Dziś zrobiłem po mieście z 10 km i nic się nie działo.
![:evil:](./images/smilies/evil.gif)
Peszelek na kablu jest i zaczyna się jakieś 5 cm od wtyczki i idzie do dołu, przed uruchomieniem miałem wykasowane błędy, pokazywało 55. Jutro sprawdzę aktualne błędy
[ Dodano: 2015-12-27, 18:39 ]
sorry że tak długo, ale nie korzystałem z "nyski". Dziś sprawdziłem błędy i wyświetl 55, czyli brak. Silnik chodzi normalnie.
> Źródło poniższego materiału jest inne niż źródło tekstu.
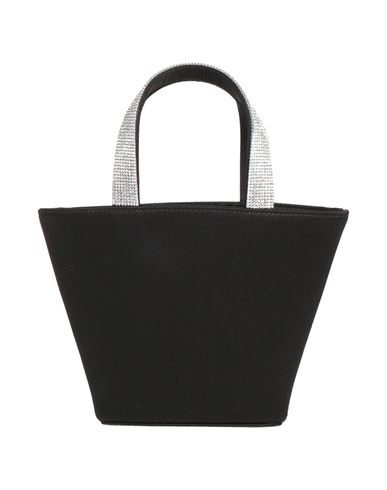 Amina Muaddi Woman Handbag Black Size - Textile Fibers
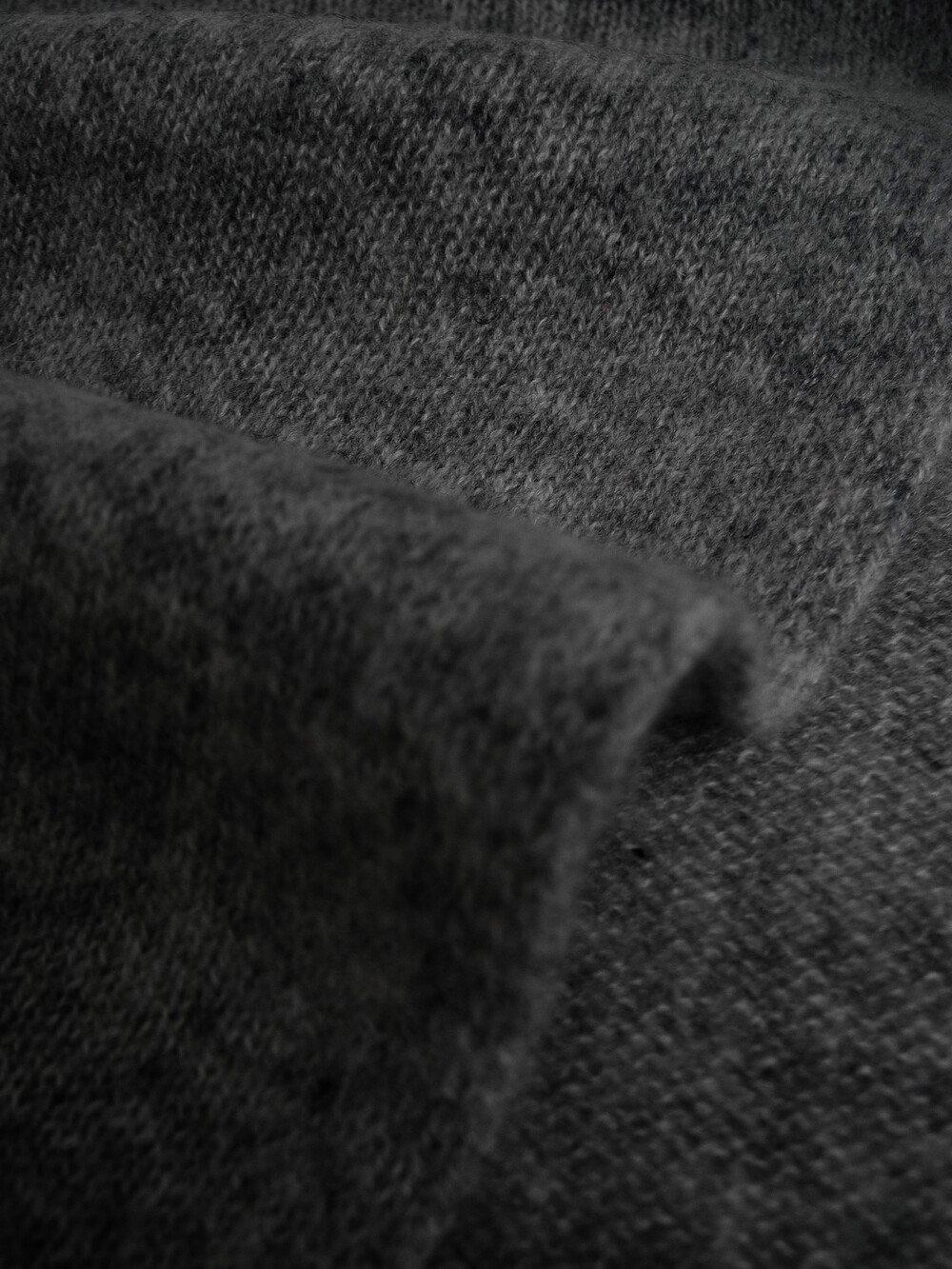 Schal Cosy 100% Kaschmir Charcoal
[ Dodano: 2016-01-23, 21:20 ]
trochę było spokoju ale kilku dni, kiedy temperatura spadła uruchamianie silnika kończyła się błędem 47. Kasowanie i poruszanie wtyczką czujnika powodowało , że silnik odpalał za pierwszym razem i chodził cały dzień. Tak było do dziś, kiedy silnik odpalił na sekundę, wywaliło błąd 47. Skasowałem błędy, poruszałem wtyczką, a silnik nie chce odpalić. Rozładowałem aku, brak błędów, silnik przy rozruchu chciałby zaskoczyć, ale coś mu nie powala. Gdzie szukać przyczyny
[ Dodano: 2016-02-09, 18:46 ]
Koniec codziennej loterii "czy rano zapali".